--- START ---

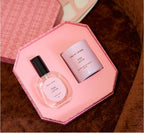 Celia Loves Pink Lotus - Candle & Room Spray Duo Set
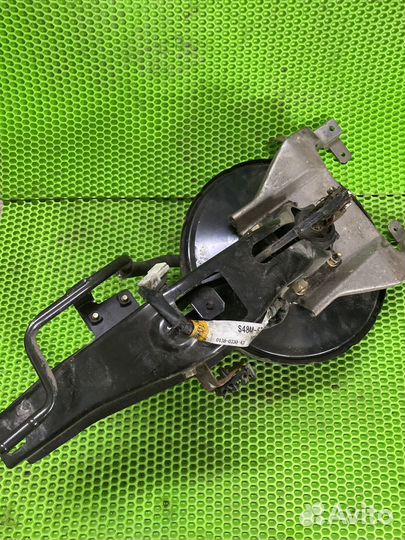 Усилитель тормозов вакуумный Mazda Bongo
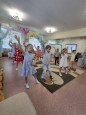 "Семь Я" - праздник, посвященный Всероссийскому дню "Семьи, любви и верности" 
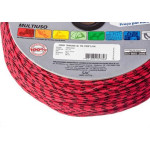 Corda Polipropileno Trancada Mazzaferro 8,0Mm Colorida+-258M 29Cre0803M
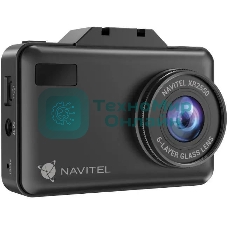 Видеорегистратор с радар-детектором Navitel XR2550 GPS, 1920x1080, 2.31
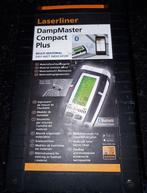 Laserliner Compact Plus vochtmeter, Doe-het-zelf en Verbouw, Meetapparatuur, Ophalen, Zo goed als nieuw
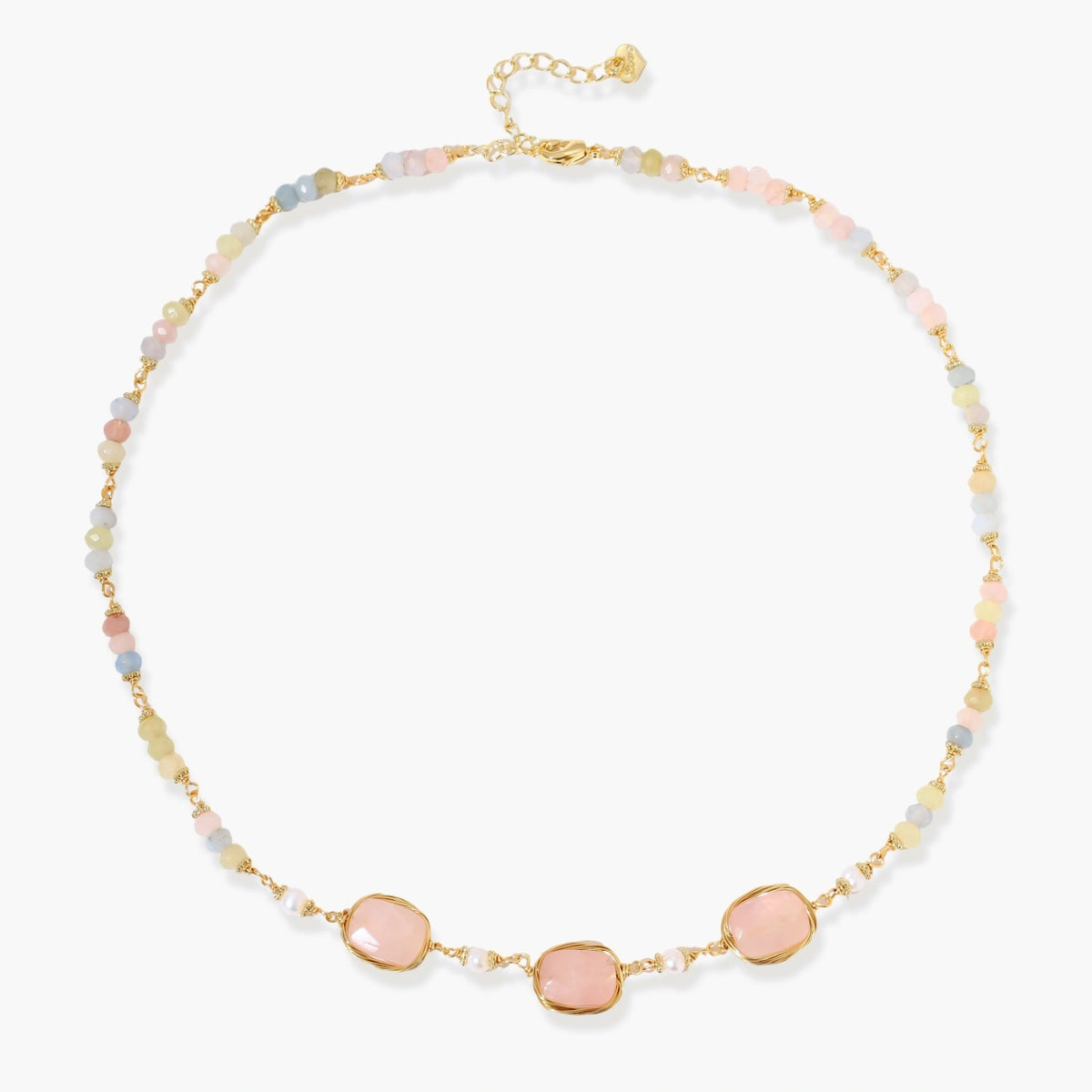 Pastel Healing Dreams Necklace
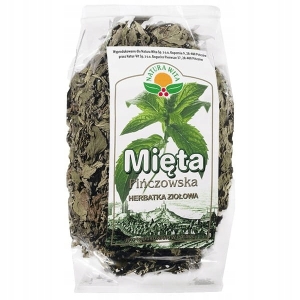 Mięta pińczowska Herbatka Ziołowa Natura Wita 30 g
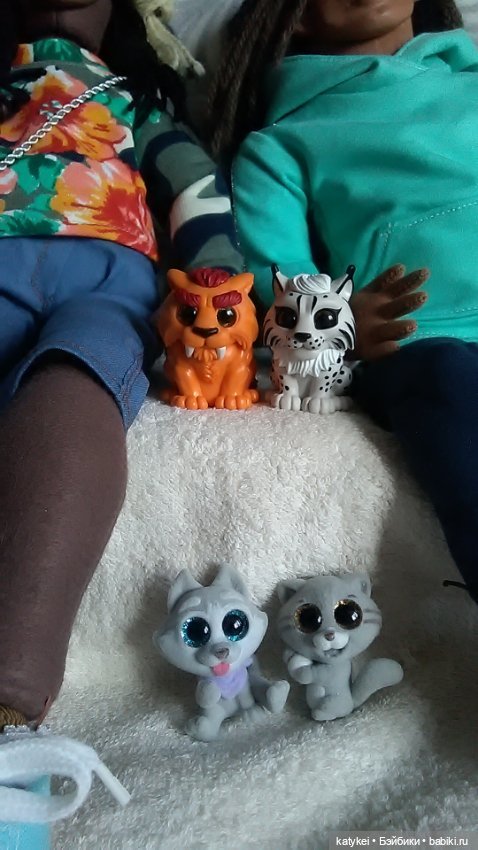 День семьи — Интересные игрушки и фигурки (разное): редкие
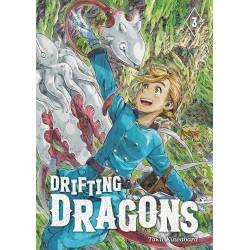 DRIFTING DRAGONS 3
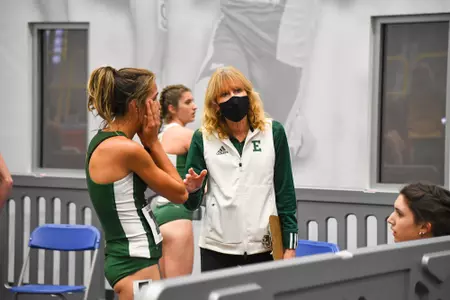 Director/Head Coach Sue Parks Men's Great Lakes Men's Coach of the Year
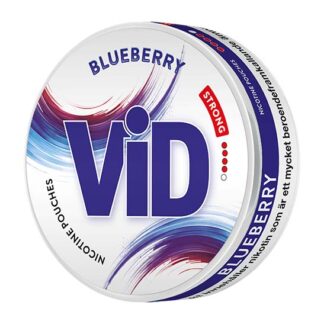 VID Blueberry Strong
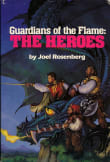 Book cover of Guardians of the Flame: The Heroes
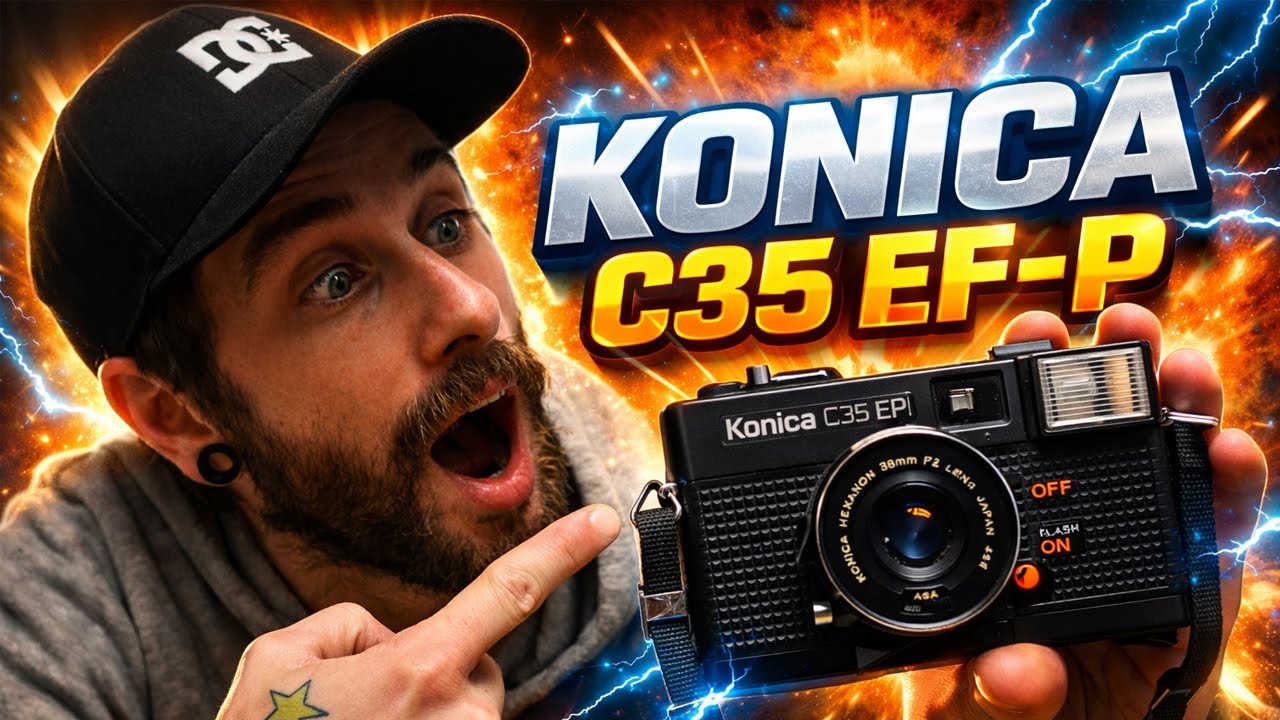 Die beste Analogkamera für Einsteiger ?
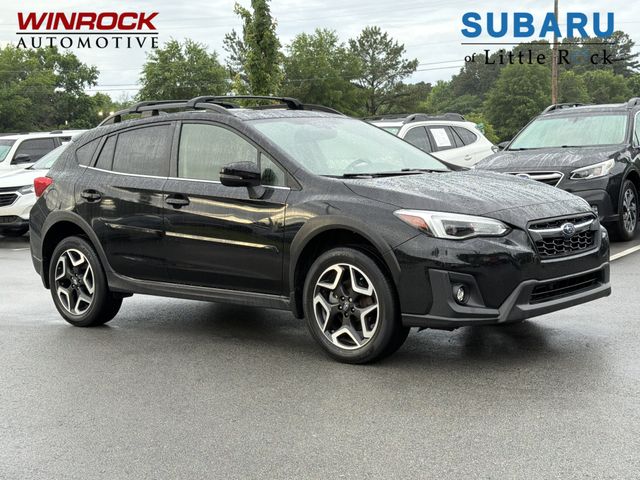2020 Subaru Crosstrek 2.0i Limited CVT's photo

--- END ---

- _WHAT IS EXPECTED_: The expected output is the exact run of lines from the one containing "Director/Head Coach Sue" through the final line of the data above, both ends included, with no pictures.

- _ANSWER TO THIS PROBLEM_:
 Director/Head Coach Sue Parks Men's Great Lakes Men's Coach of the Year
 VID Blueberry Strong
 Book cover of Guardians of the Flame: The Heroes
 Die beste Analogkamera für Einsteiger ?
2020 Subaru Crosstrek 2.0i Limited CVT's photo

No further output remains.